28 Light 240 Seconds

40 Dark

40 Flat

40 DarkFlat

 

Used Camera Settings:

1600 Gain

20 Offsett

-10 °C

 

Used Equipment:

OTA: Skywatcher 200 Quattro

Equatorial Mount: ProxiSky RagDoll 20 Pro

AutoFocuser: ZWO EAF

Camera: QHY294C

Philters: Oprolong L-eXtreme

Guiding Scope: Artesky Superguide 60mm

Guiding Camera: ZWO ASI 120 MM Mini + UV/IR Cut Filter

 

The Elephant's Trunk Nebula (IC 1396A) is a concentration of interstellar gas and dust within the much larger ionized gas region IC 1396 located in the constellation Cepheus about 2,400 light years away from Earth. The nebula is a dark, dense globule that gets its name from its appearance at visible light wavelengths, where there is a dark patch with a bright, sinuous rim. The bright rim is the surface of the dense cloud that is being illuminated and ionized by a very bright, massive multiple star (HD 206267) that is just to the east of the Elephant's Trunk Nebula . The entire IC 1396 region is ionized by the massive star, except for dense globules that can protect themselves from the star's harsh ultraviolet rays.
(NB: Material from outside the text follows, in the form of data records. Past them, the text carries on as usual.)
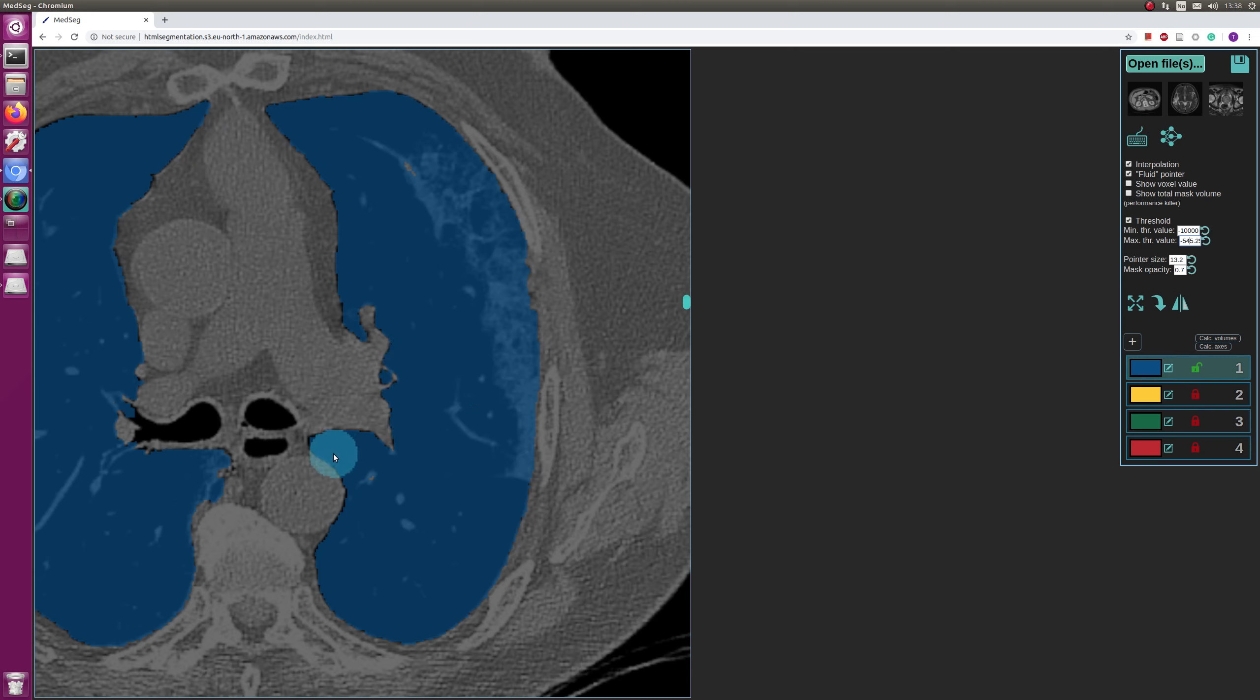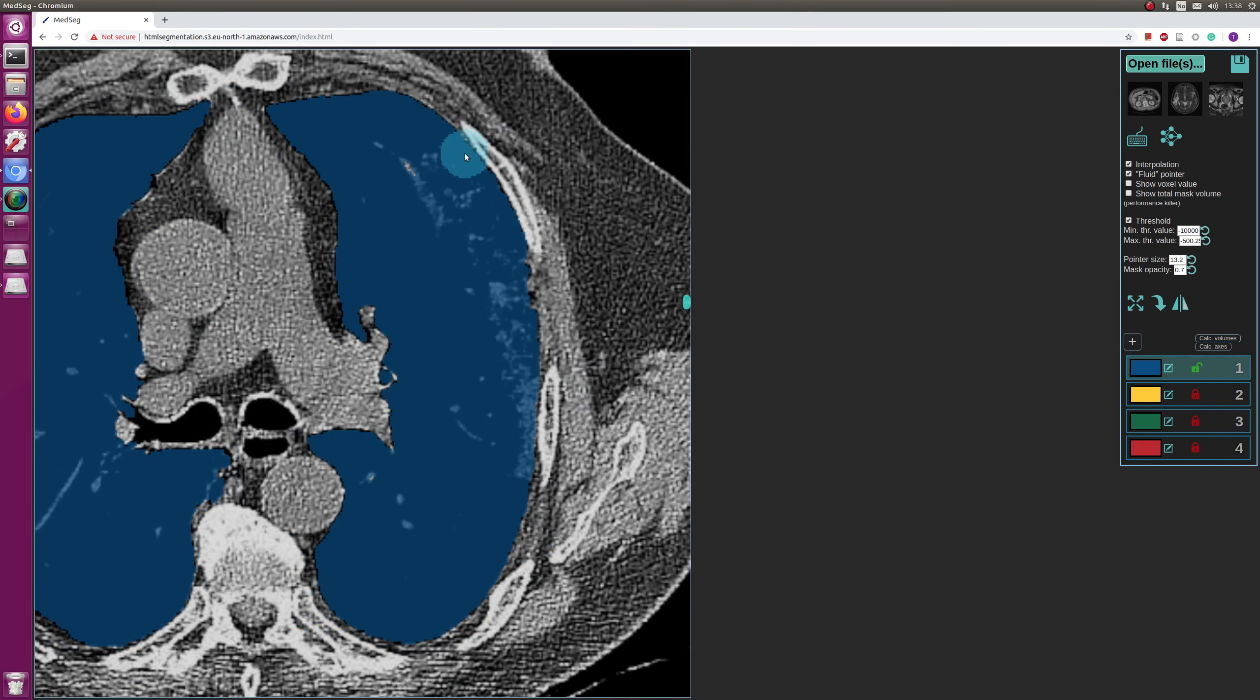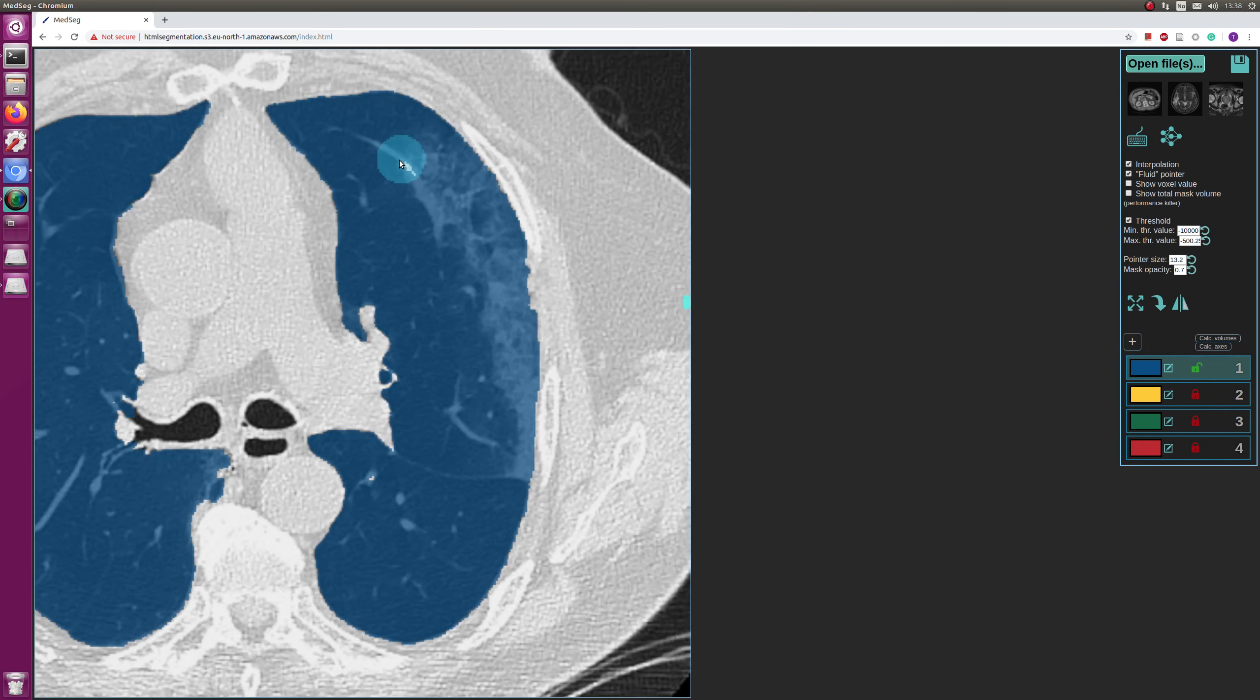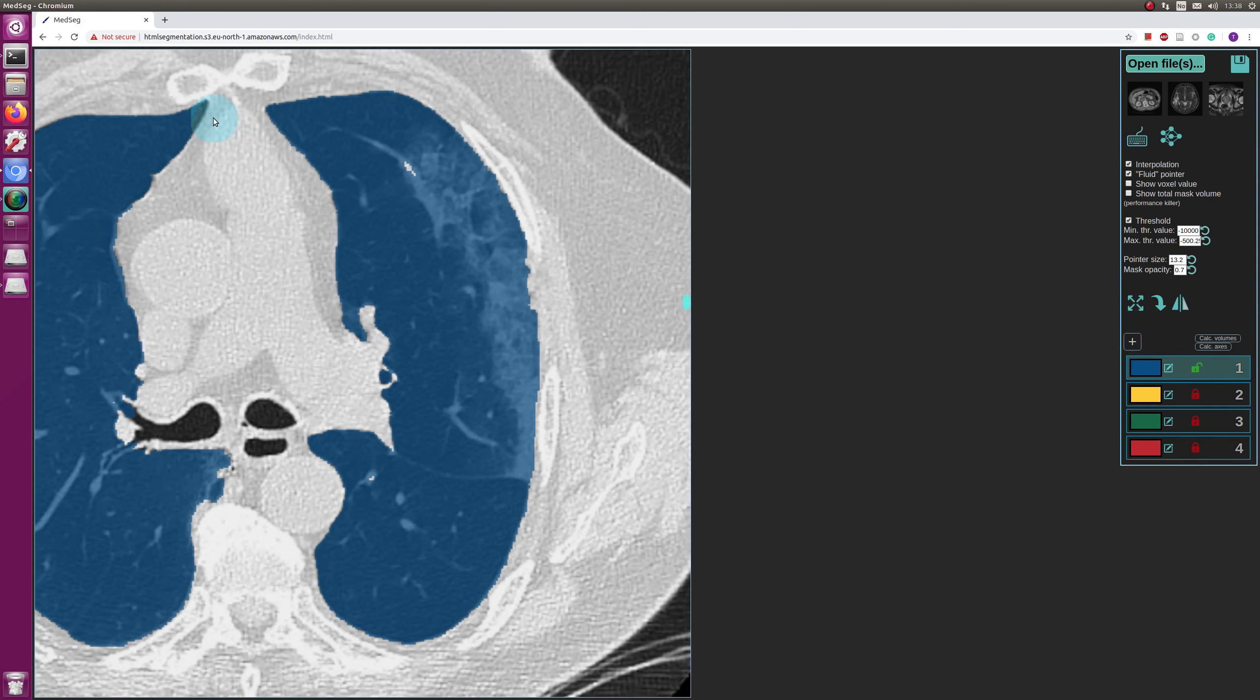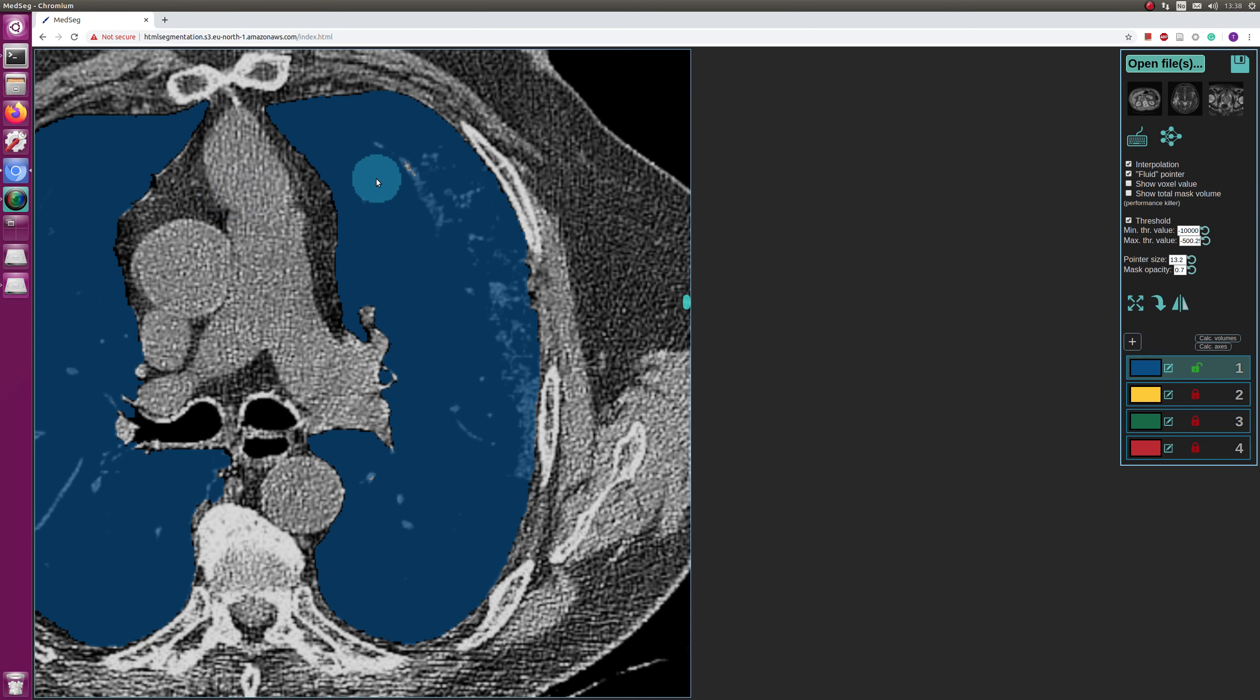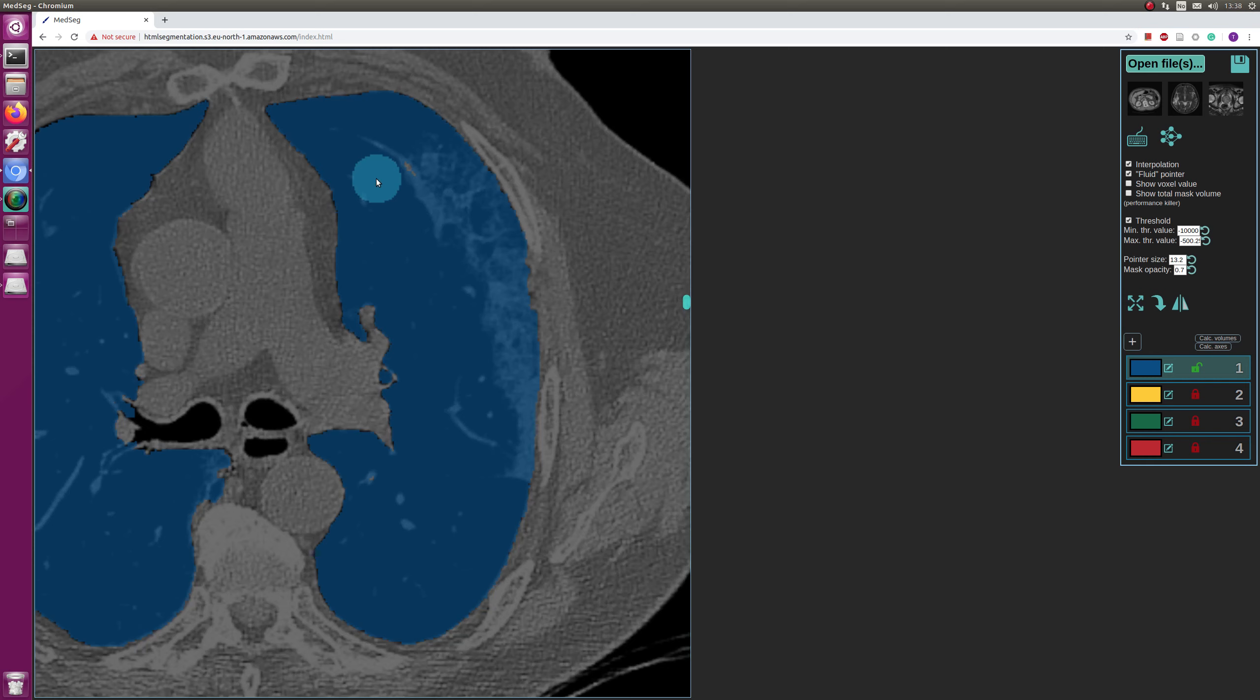And now you can see I can use that thresholding nicely to fill out a bit more, but actually I think it can be even a bit higher, so maybe minus 500. I think that looks okay. You see it looks a bit different depending on what windowing you have, but I think this might be a good windowing to have.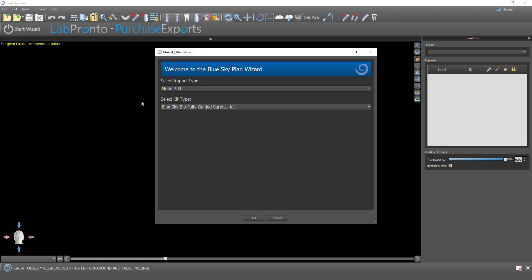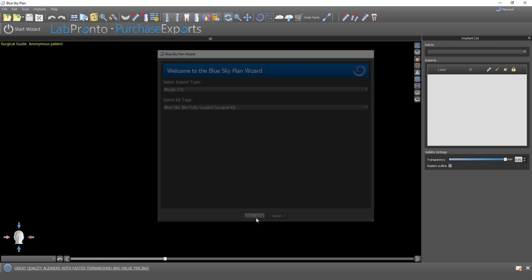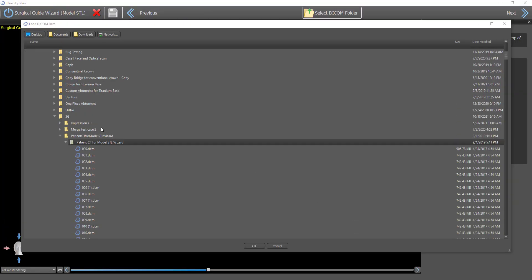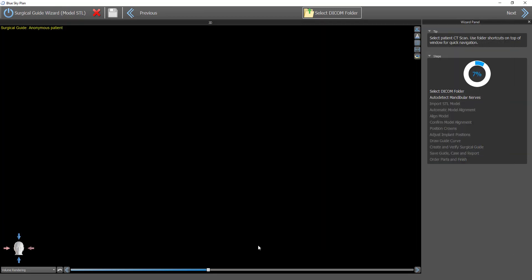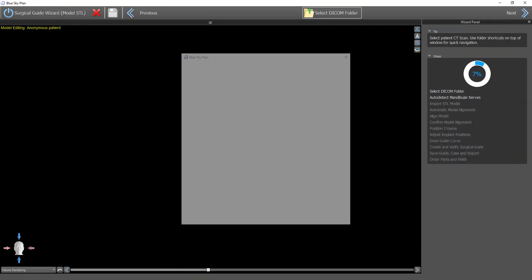What I'm doing now is importing, selecting the import prototype model STL, and I'm going to demonstrate this using the Blue Sky Bio fully guided surgical kit. We have our shortcuts on the top. I'm going to select the relevant icon, load it into the software.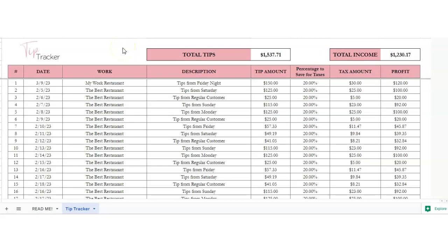Hey there, this is a spreadsheet on how to keep track of your tips. If you are a server, this is a perfect spreadsheet for you to use. This is how it works. We've got the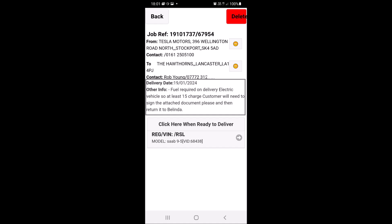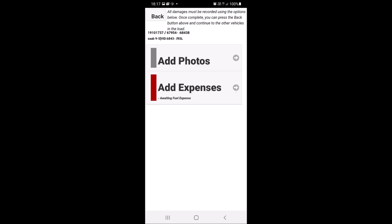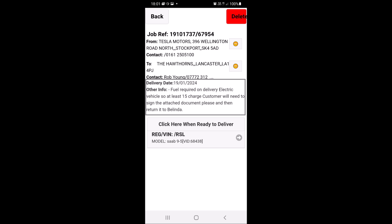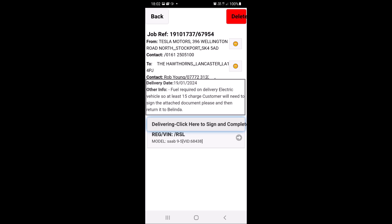From the job screen, do not click on the car registration area, otherwise it'll only bring up add photos and add expenses and you won't be able to do your full POD checks. From the job screen, what you need to do is click 'when ready to deliver' — that turns blue — then you can click on the car registration.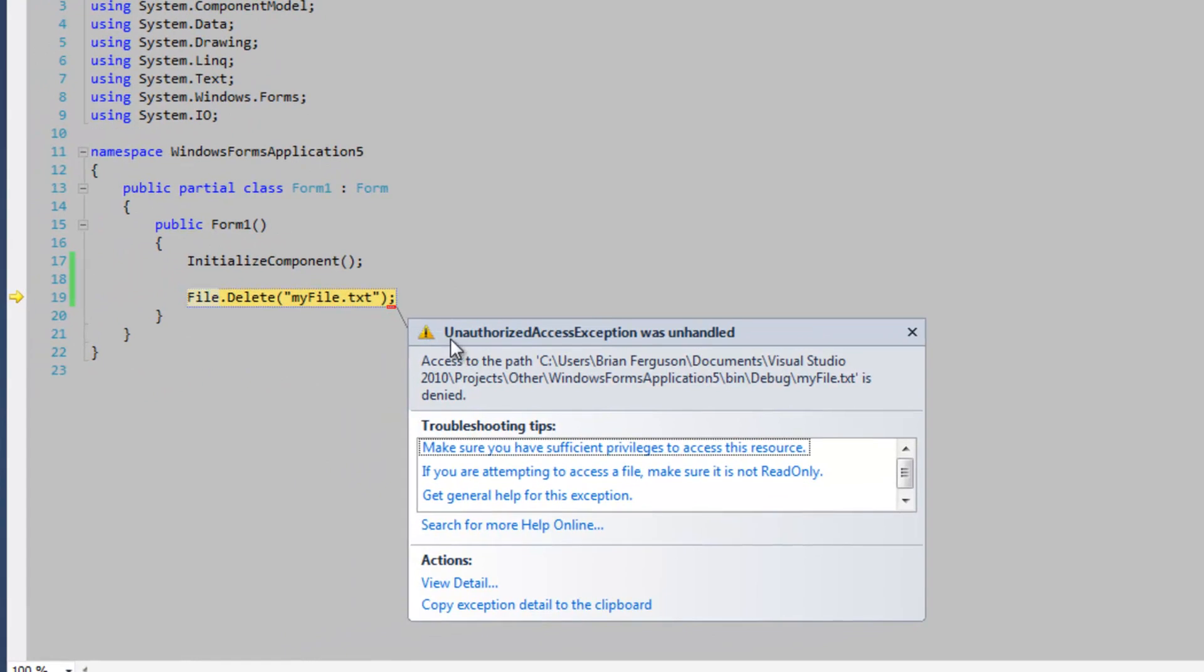It's going to tell me that I've got an unauthorized access exception. Access denied.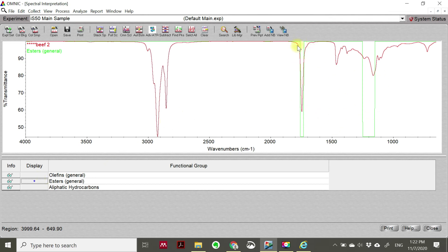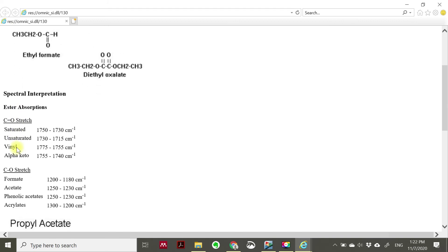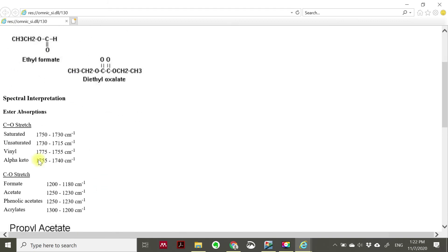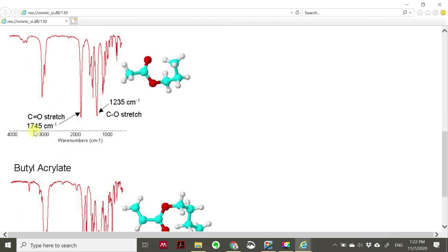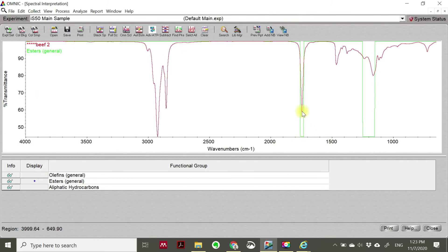I click another one - esters. You will see there is a strong esters group in your sample. You can click 'Info' and it will indicate that esters belong to C=O stretch and C-O stretch in your sample. You can see 1745 and 1235 - there is a C=O stretch at 1745 and 1235 is characterized as C-O stretch. So it's confirmed there are esters as a group in your sample.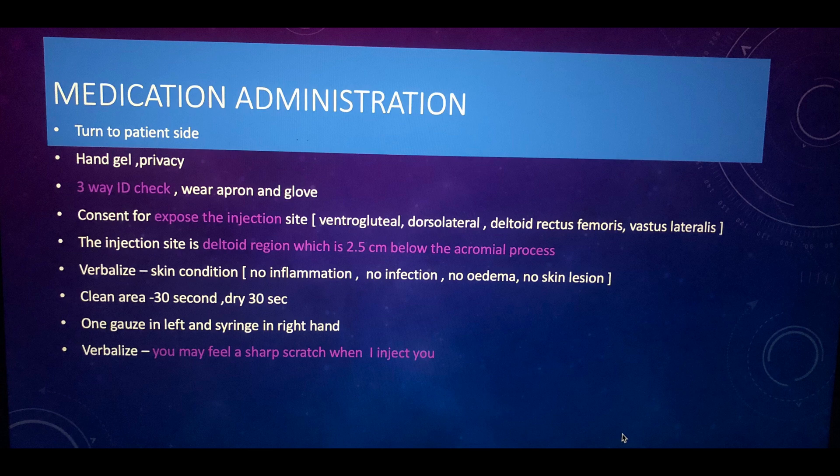Now we are going to the preparation stage — this is Part 2 of IM injection. Here you will load the medication. If it is a vial, clean the tip of the vial with a 70% alcohol swab. If it is an ampoule, take a gauze and place it at the side of the ampoule so that when it breaks you can use the gauze to protect your hand. Then wipe the neck of the ampoule with alcohol wipes.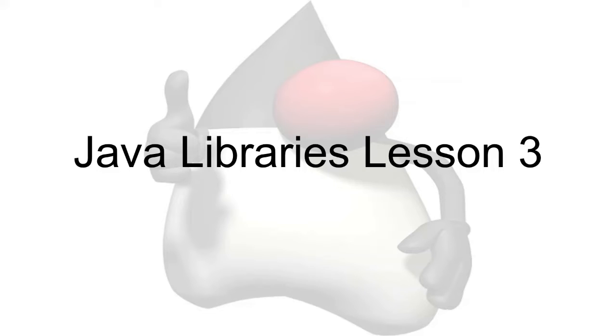Hello, and welcome to Java Libraries Lesson 3 for Cup of Java. I'm Andrew, and today we'll be looking more in-depth on how to make the experience more dynamic for the user.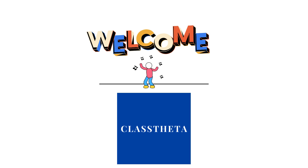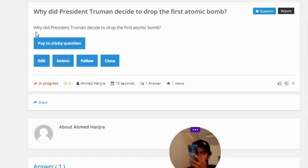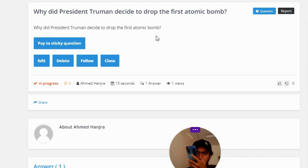So let's get on the question. Our today's question is: Why did President Truman decide to drop the first atomic bomb?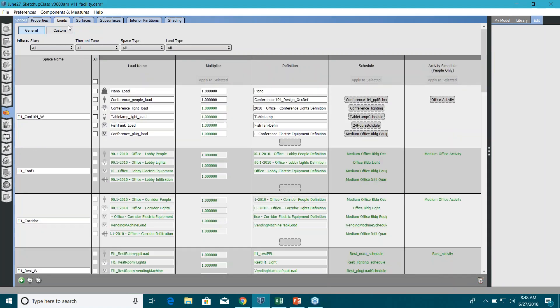Go to loads now. If you remember, we assigned the new loads for this conference 104 room. We created everything from scratch - that's in the load video. There is a video for internal loads, so look into that. You can change the schedule.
Widefield view of the full IC 1396 nebula

 

The Elephant's Trunk Nebula is now thought to be a site of star formation, containing several very young (less than 100,000 yr) stars that were discovered in infrared images in 2003. Two older (but still young, a couple of million years, by the standards of stars, which live for billions of years) stars are present in a small, circular cavity in the head of the globule. Winds from these young stars may have emptied the cavity.

 

The combined action of the light from the massive star ionizing and compressing the rim of the cloud, and the wind from the young stars shifting gas from the center outward lead to very high compression in the Elephant's Trunk Nebula. This pressure has triggered the current generation of protostars.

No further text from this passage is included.